Et puis, il y a le fléau de la drogue, qui est rampant. Tous sont concernés. «Ena parfwa sa bann sofer bis lamem ou gété ou trouvé zot drogué. NTA bizin fer chek, akoz zot pé transport pasazé!» Ou encore, des passagers qui sont sous influence et qui fréquentent le lieu. Mais Jean Matombé, 64 ans et Lindsay Louise, 60 ans, tous deux habitants de Ste-Croix, sont plus pragmatiques face à ce problème. Pour eux, lorsqu’une personne est tombée dans la drogue, il est impossible de le raisonner et il lui faut des soins. «Ce n’est pas parce qu’il y a des toxicomanes que nous allons dire que l’endroit n’est pas bon» disent-ils.Ils affirment qu’il y a eu des développements récemment dans leur endroit. Les chemins sont asphaltés, le service de transport public est désormais régulier, il y a des toilettes. «On ne va pas dire que c’est à 100 % ok. Simé inn koltaré kan ti ena Père Laval sa. Mé dison li 50 % korek. Péna gro problem isi.» Toujours à Ste.-Croix, c’est un autre problème qui rend amère la vie des habitants. Comme partout dans l’île, le problème d’eau a la vie dure. Plusieurs habitants font face à un problème depuis le 22 mars dernier, et les nombreux appels à la CWA n’ont pas décanté la situation. «Nounn fer Pâques san delo. Monn bizin al lav linz kot mo belmer. Ziska ler, personn pankor dir nou ki problem la été ek kan li pou rézoud», déplore une habitante âgée d’une cinquantaine d’années.

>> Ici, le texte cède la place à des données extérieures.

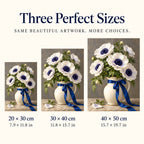 White anemones with deep navy centers and green leaves in a ceramic vase tied with a cobalt ribbon: three available size guide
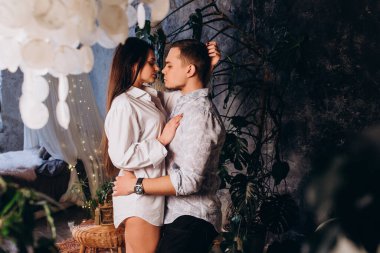 Güzel genç çift içeride sarılıp öpüşüyor.  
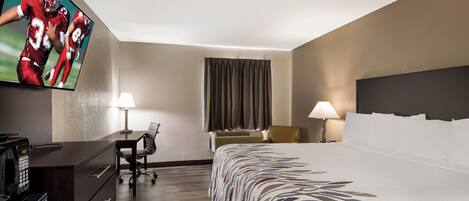 A hotel room with a bed, a desk, a chair, a television, and a window with curtains.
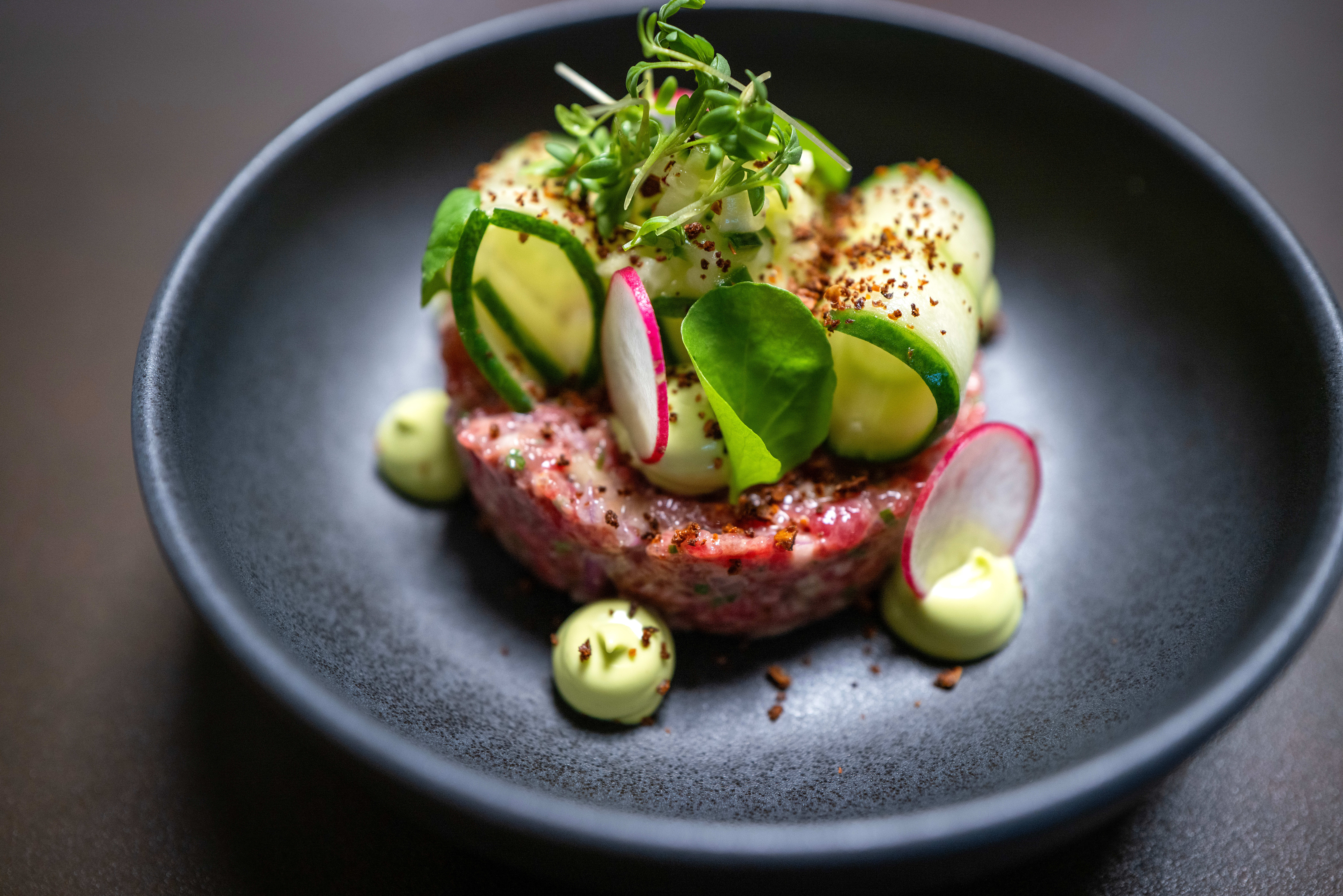 Torgterrassens tartar: Denne kunne vært hakket mer grovmalt, men er fint krydret. Den har med biter av sylteagurk, smakfull gressløkmajones og sprø surdeigschips til alt det myke i retten.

Scène de vie à Montagne-Longue.
Crimes
En remontant dans la circonscription, le problème de drogue reste bien présent. A Montagne-Longue, c’est la préoccupation principale de pratiquement tous les habitants sondés. Joceline Marthe a 54 ans. Elle a trois petits-enfants, et se demande comment faire pour les protéger de la drogue. «Pourtant, le poste de police est juste là. Mais tout e monde sait où se déroule la vente et qui sont impliqués. Mais rien n’est fait», déplore-t-elle. D’ailleurs, elle est persuadée que c’est cela qui cause une hausse dans les crimes. «Il y a désormais plusieurs meurtres par semaine. Et vous avez vu le nombre de vieilles personnes ciblées depuis que la pension a augmenté ? Nos aînés ne sont plus en sécurité à cause de la drogue», dit-elle. La drogue, dit Neela, qui s’approche pour donner son point de vue, donne aussi lieu à une recrudescence de vols. En l’espace de deux mois, plusieurs cas ont été constatés à Montagne-Longue. Plus loin, Bundhoo, âgé de 58 ans, évoque exactement le même problème. Les propos ne diffèrent pas. La drogue touche les jeunes, et ce n’est pas nouveau. Cela fait 10 ans que les dealers sont là. Il y a eu des arrestations au fil des ans, mais le commerce de la mort n’a jamais été interrompu. Et cela a mené à une situation d’insécurité, car les vols sont de plus en plus fréquents.
Développements manquants
Le coût de la vie revient aussi sur le tapis. Neela, malgré l’augmentation de sa pension, trouve que la vie est toujours aussi compliquée. Ishwar, 67 ans et pensionnaire aussi, est du même avis. La vie est toujours aussi compliquée. «Pli pé donn kass, pli lavi pé monté. Sa kass-la fini extra vit dan laboutik sa», dit-il sans détour. Même à son âge, il doit «trasé» pour pouvoir finir le mois correctement. Quant à Dhunsoo, qui habite également le village, il a une vision radicalement opposée de la chose. A 65 ans, il estime que tout va bien dans le pays et dans son village, et il espère que rien ne changera.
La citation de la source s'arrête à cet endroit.